# Wild Wildabeast?



## HighNDry (Dec 26, 2007)

I wont use the term idiots on this one but I hope you all come to these gun fanatics defense the same as you did for the dog shooting wolf killer.

http://www.ksl.com/?nid=148&sid=3189903

I'm sure these were mistaken for the wild wildabeast instead of cows. I mean if you've had a rough day and you squint your eyes just right, they are kind of scary looking.


----------



## Al Hansen (Sep 7, 2007)

Why do you think these were gun fanatics ? Are you trying to pick a fight with just anyone ? :roll:


----------



## HighNDry (Dec 26, 2007)

Yeah you're right. I guess some fruity tootie archer could have done it with an arrow. The article isn't too specific.
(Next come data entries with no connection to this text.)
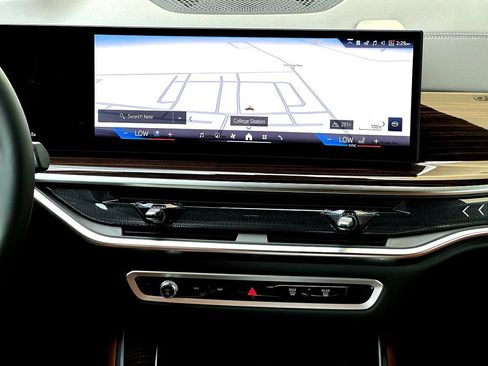 New 2026 BMW X5 xDrive40i w/ M Sport Package AWD/4WD image 20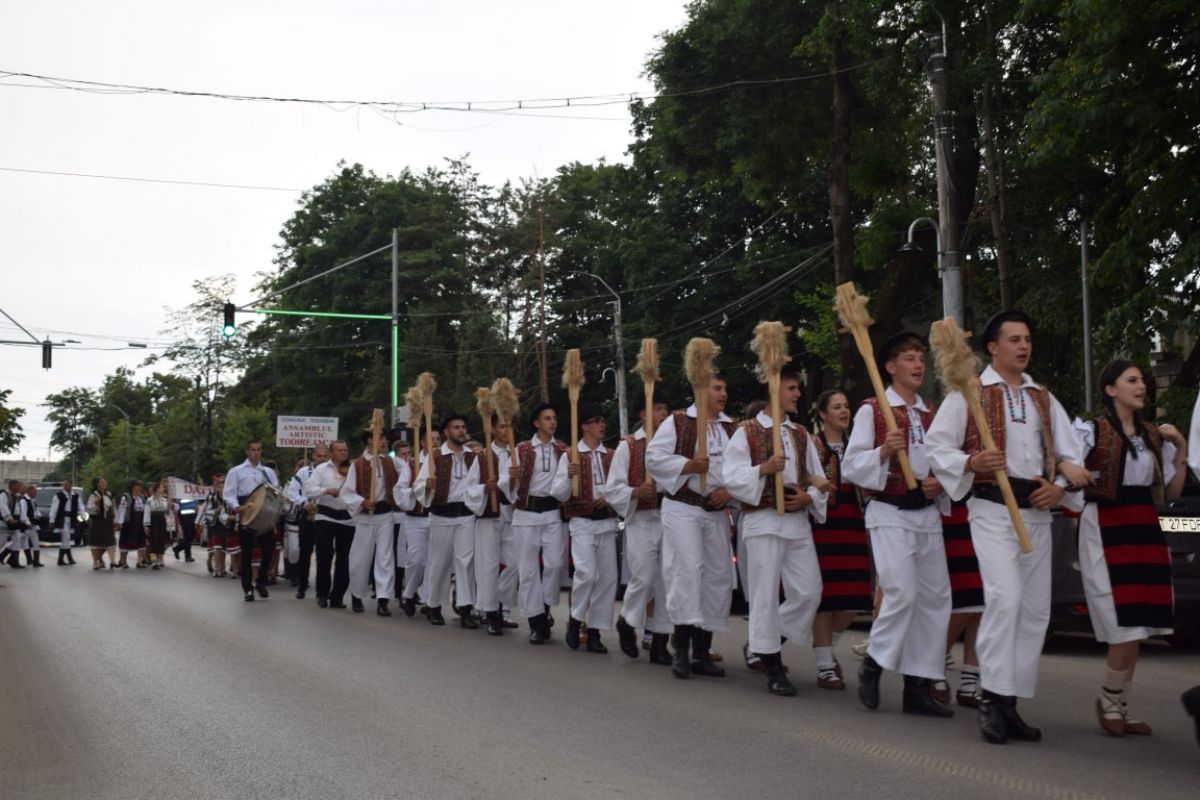 Parada costumelor populare organizată pe străzile orașului 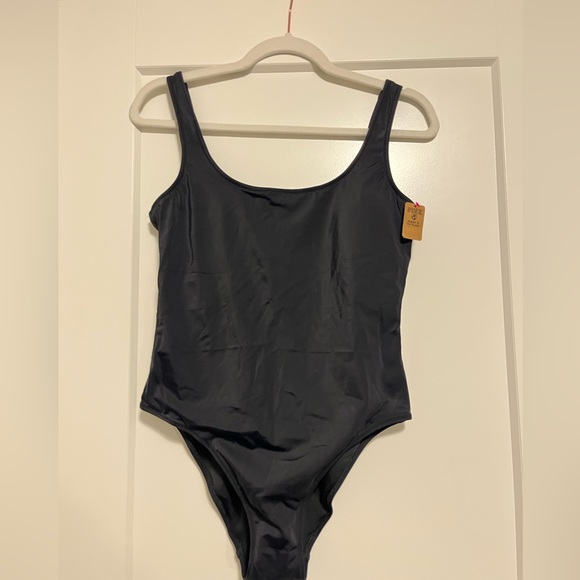 BNWT VICTORIA’S SECRET PINK | BLACK SCOOP ONE-PIECE SWIMSUIT SIZE M - Picture 4 of 5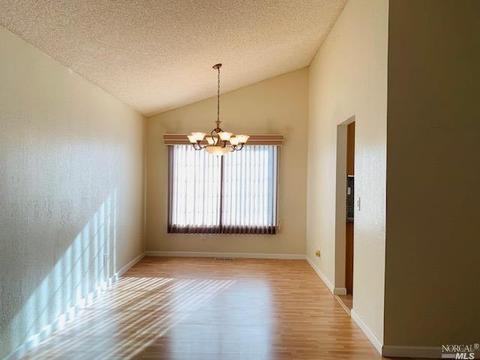 247 Glenview Cir, Vallejo, CA 94591 photo 6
Not trying to pick a fight, just trying to get some fanatics that think because they have a gun, they are macho and above the law. How many times do we have to hear, "When they outlaw hunting, I become a poacher!"

And we want access to private lands. This type of act will get us nowhere! Then we wonder why they want guns and hunting outlawed. I know it's just a handful, but that handful really messes it up for all of us.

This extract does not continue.